* [Information provided]
——

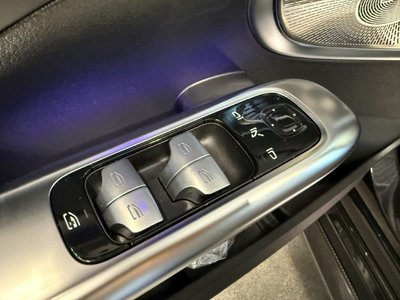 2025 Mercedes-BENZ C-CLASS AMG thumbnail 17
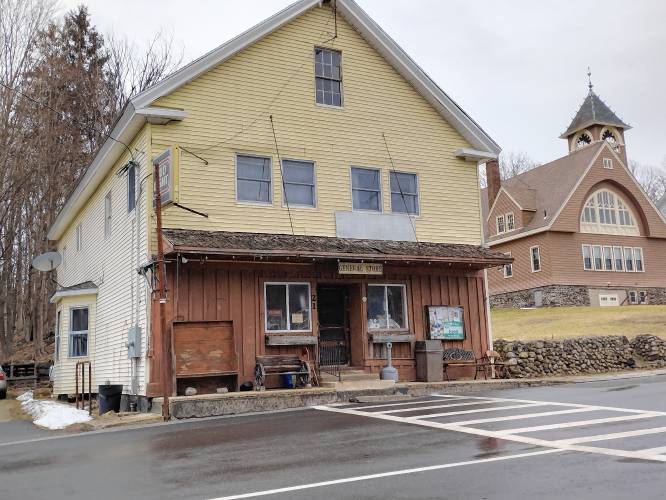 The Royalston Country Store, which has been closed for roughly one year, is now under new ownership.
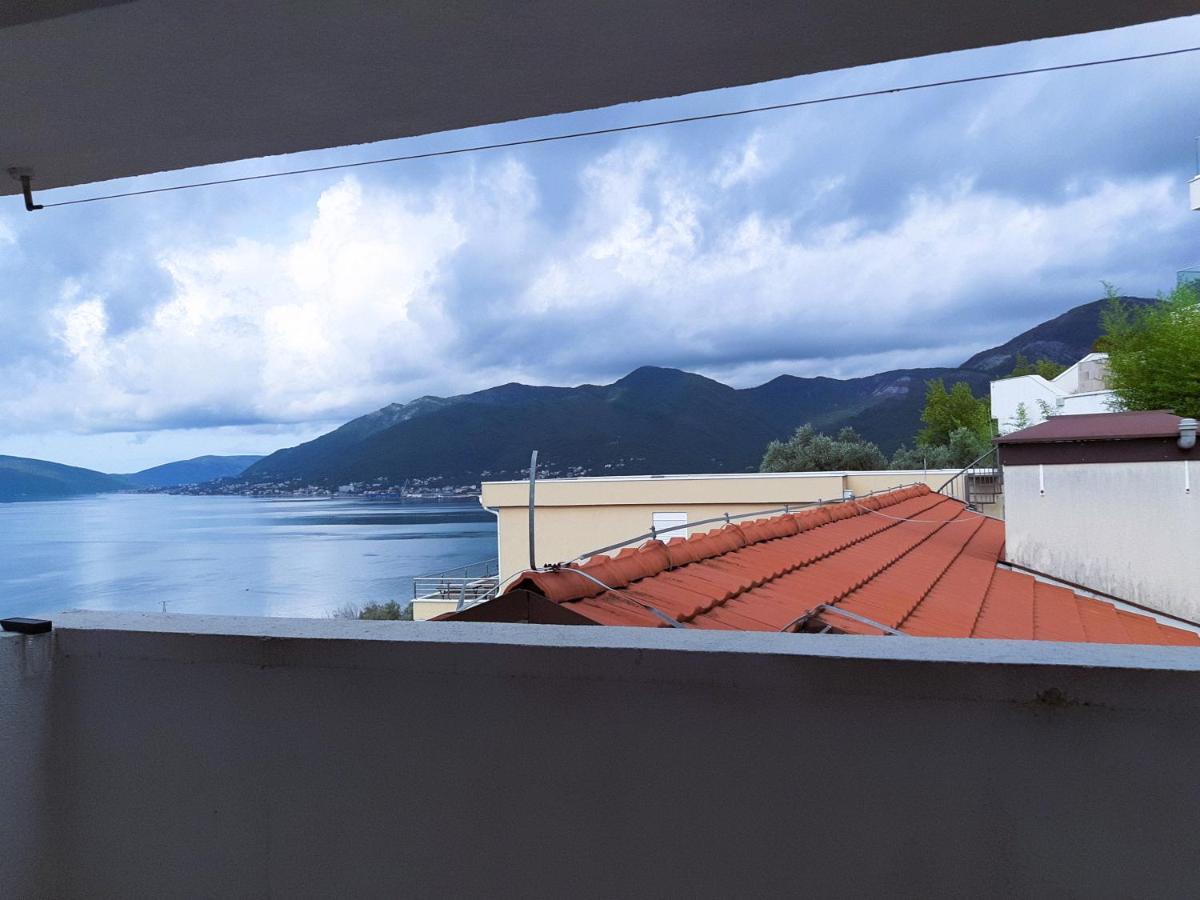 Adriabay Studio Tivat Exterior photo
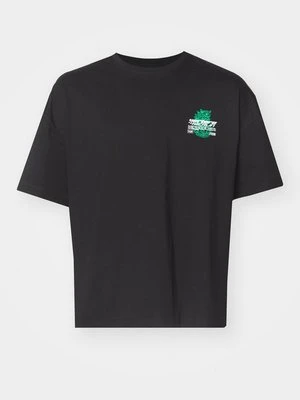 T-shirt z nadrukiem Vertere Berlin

——

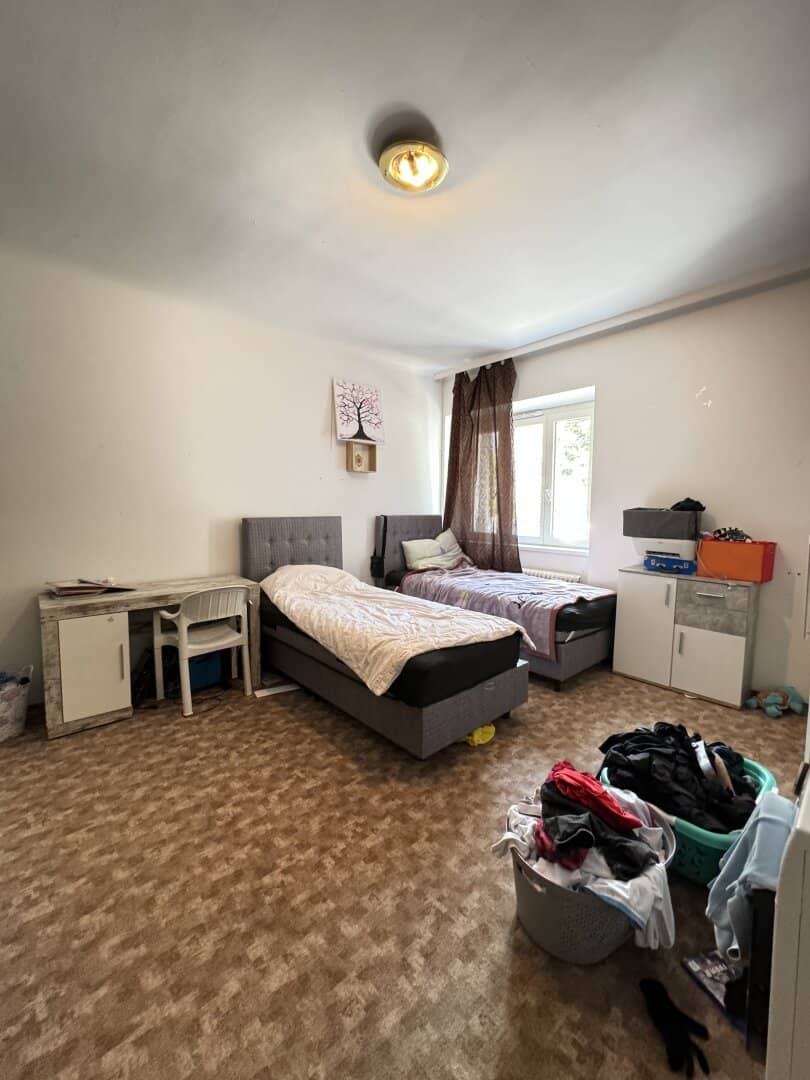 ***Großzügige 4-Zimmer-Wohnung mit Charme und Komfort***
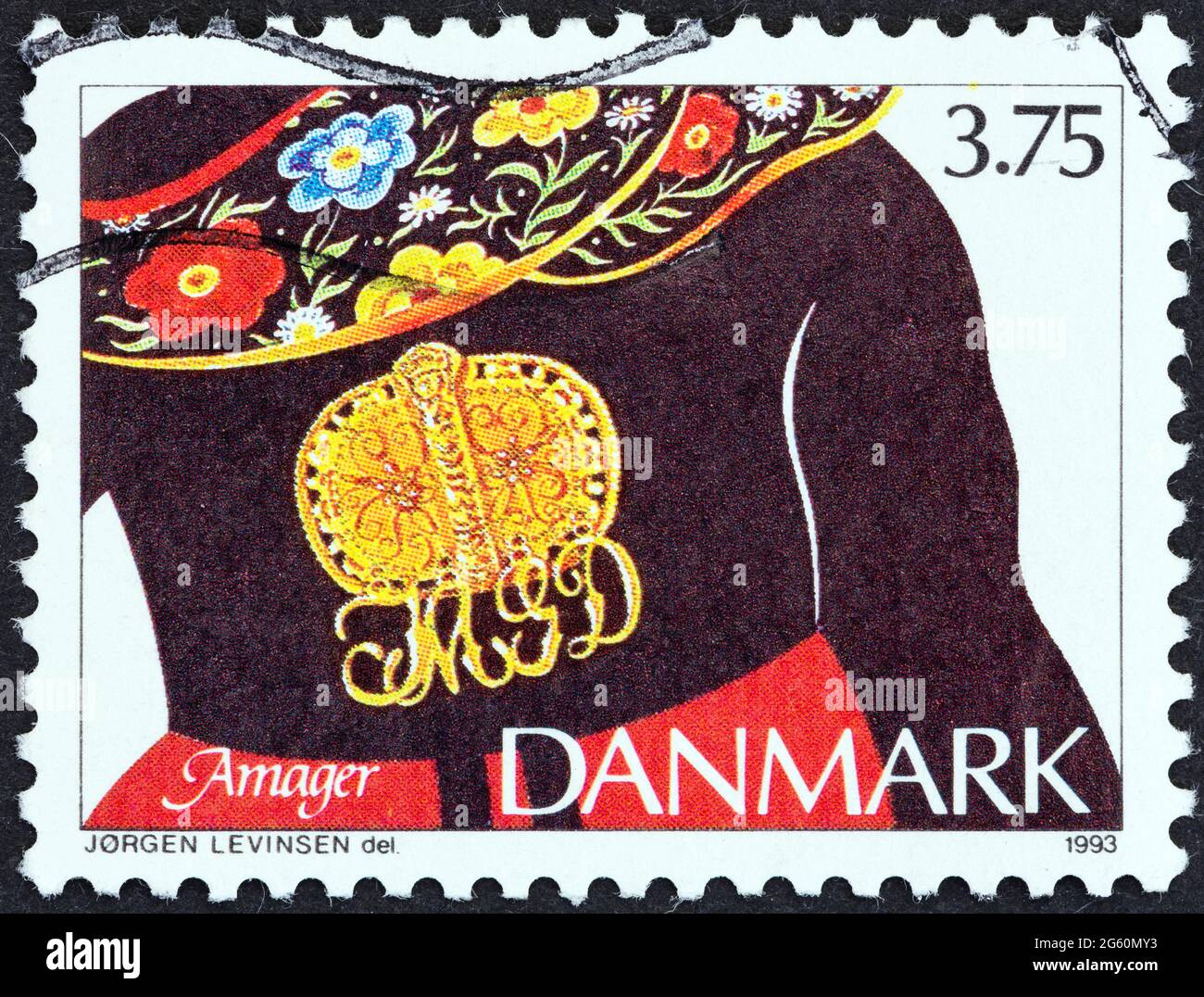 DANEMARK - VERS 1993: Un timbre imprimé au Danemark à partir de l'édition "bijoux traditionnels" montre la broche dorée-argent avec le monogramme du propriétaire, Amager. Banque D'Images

——

From the records above, copy exactly the stretch from the line holding "Adriabay Studio Tivat Exterior photo" through the line holding "T-shirt z nadrukiem Vertere Berlin", both ends included, without the pictures.

 Adriabay Studio Tivat Exterior photo
 T-shirt z nadrukiem Vertere Berlin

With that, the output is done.